As far as mixing it with another wine, Personally I would never attempt that. The Blueberry flavor will be lost.


----------



## Rob6578 (Oct 1, 2017)

Scooter68 said:


> It really personal taste on sweetening BUT Blueberry wine seems to be more flavorful slightly sweetened up to bring out the flavor. Not to the point of being a dessert wine but perhaps to an SG of 1.000-1.005.
> 
> Aging a blueberry wine will definitely benefit flavor as well.
> 
> As far as mixing it with another wine, Personally I would never attempt that. The Blueberry flavor will be lost.

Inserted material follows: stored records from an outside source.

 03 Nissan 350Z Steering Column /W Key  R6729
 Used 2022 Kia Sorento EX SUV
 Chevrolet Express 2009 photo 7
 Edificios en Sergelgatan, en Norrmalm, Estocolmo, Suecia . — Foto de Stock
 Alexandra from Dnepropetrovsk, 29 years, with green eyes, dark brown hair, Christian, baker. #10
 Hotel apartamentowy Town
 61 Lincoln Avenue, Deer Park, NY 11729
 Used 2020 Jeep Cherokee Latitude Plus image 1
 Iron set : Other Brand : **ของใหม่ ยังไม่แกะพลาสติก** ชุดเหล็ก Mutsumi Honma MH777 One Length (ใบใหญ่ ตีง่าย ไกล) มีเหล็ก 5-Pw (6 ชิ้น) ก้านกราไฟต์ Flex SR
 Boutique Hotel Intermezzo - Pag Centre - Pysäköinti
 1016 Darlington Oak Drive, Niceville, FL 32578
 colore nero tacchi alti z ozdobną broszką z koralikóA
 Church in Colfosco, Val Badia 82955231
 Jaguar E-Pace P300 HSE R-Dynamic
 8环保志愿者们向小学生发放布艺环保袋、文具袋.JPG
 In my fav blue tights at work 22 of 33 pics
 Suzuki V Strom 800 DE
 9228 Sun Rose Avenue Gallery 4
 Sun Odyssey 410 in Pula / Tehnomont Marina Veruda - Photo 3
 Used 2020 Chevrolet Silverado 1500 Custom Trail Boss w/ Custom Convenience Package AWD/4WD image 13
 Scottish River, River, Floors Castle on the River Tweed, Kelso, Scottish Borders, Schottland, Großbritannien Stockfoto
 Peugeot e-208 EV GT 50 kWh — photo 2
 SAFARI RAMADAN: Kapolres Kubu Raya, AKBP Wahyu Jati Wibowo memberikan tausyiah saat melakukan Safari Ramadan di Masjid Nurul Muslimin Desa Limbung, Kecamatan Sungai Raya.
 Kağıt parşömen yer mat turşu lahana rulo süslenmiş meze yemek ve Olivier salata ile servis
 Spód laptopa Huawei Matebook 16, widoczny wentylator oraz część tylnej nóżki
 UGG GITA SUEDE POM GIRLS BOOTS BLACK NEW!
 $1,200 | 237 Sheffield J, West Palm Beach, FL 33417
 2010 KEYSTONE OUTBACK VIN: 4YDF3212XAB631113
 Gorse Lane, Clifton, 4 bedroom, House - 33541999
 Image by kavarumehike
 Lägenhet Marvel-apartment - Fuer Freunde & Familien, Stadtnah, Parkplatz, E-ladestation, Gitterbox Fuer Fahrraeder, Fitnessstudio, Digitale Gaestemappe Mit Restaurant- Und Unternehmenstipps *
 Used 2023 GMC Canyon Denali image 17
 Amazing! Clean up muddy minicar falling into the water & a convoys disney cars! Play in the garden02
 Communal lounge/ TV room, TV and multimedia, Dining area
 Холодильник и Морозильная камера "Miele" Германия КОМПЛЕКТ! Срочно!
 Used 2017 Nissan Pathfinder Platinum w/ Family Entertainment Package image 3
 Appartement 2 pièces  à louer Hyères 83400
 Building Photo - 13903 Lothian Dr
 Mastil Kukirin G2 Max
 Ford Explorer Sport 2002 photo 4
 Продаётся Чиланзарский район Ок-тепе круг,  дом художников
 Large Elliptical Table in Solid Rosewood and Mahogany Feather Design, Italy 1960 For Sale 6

Ok I think I'll hold off on mixing them for now thanks, last night i did take a glass and sweetened just a bit and it tasted great didn't take much either so I might do just a pinch of sweat then age it.


----------



## Rob6578 (Oct 1, 2017)

Ok I think I'll hold off on mixing them for now thanks, last night i did take a glass and sweetened just a bit and it tasted great didn't take much either so I might do just a pinch of sweat then age it.


----------



## Scooter68 (Oct 1, 2017)

Not sweat noooo! 


_
(Don't you hate it when those fingers don't behave. And even worse when someone harasses you about it.)_
Glad you got it where you wanted it,.


----------



## Rob6578 (Oct 1, 2017)

Scooter68 said:


> Not sweat noooo!


Back sweeten lol


----------